The CrawlController is the main entry point for incoming crawl start signals, also it controls the ConnectionPool and manages the NoSQLConnections to Mongo used by the rest of the components. It also handles the distributed crawl start and synchronizes the crawl status with Mongo so all Aspire servers have the same.
It is a component configured to claim items from the scanQueue collection in Mongo, marks each item as in-progress "P" in Mongo (so no other server claims the same item for scanning) and enqueues them jobs into the ScanPipelineManager. All the items claimed by this component are containers that should be scanned.
It is a component configured to claim items from the processQueue collection in Mongo, marks each item as in-progress "P" in Mongo (so no other server claims the same item for processing) and enqueues them as jobs into the ProcessPipelineManager. All the items claimed by this components are items that should be considered for workflow processing.
This stage gets executed at the end of the crawl, it queries MongoDB for the uncrawled items according to the snapshot collection, gets a list of items to delete, and enqueues them to the processQueue collection with the action as "delete". Then those items will be picked up by the ProcessQueueLoader component in order to process them.
Marks the crawl as complete "C" in the status collection.
Filters the items before they get scanned, so they get returned to the scanQueue collection if the crawl is paused, so it can be scanned later.
Calls the specific connector implementation (RepositoryAccessProvider or RAP) to scan an item and get back all its children, then they get enqueued to the ScanChildrenPipelineManager as Aspire jobs.
Calls the specific connector implementation (RAP) to mark an item as container.
Calls the specific connector implementation (RAP) of the include/exclude filters
Compares the current item against the snapshot collection to determine if this should be added or updated in incremental crawls.
Gets the hierarchy of the current item from the hierarchy collection and generates the structure for it in the metadata.
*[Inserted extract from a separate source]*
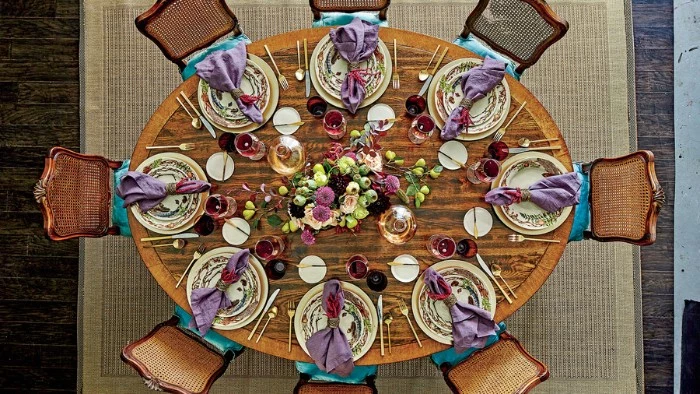 areal shot of an oval wooden table, with eight chairs, and eight ornamental plates, with folded violet napkins, large bouquet in the center of the table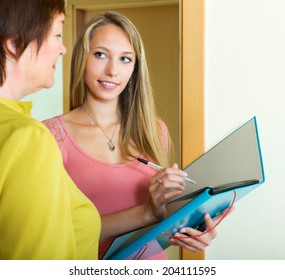 Elderly Woman Answers The Questions Of Smiling Employee  In Door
It also stores information about each container that passes through this so later on, its children can get its hierarchy.
Enqueues the current item into the scanQueue collection with status as available "A".
Add the current item to the snapshot collection or update it in case it already exists.
Enqueues the current item into the processQueue collection with status as "A".
Filters the items before they get processed, so they get returned to the processQueue collection if the crawl is paused, so it can be processed later.
Calls the specific connector implementation (RAP) with the "crawlRoot" item and enqueues any extra root items added by the connector to the ScanChildrenPipelineManager as an Aspire job.
Calls the specific connector implementation (RAP) to populate the current item's metadata, if the item is marked as a "delete" then, it calls the corresponding registered methods in the RAP.
If the specific connector implementation does not define a custom Fetcher, it uses the FetchUrl stage, other wise it calls the connector specific fetcher to fetch the content from the repository.
Enqueues the current item into the scanQueue collection with status as "A".
Marks the current item as completed "C" in the processQueue collection.
Marks the current item as completed "C" in the scanQueue collection.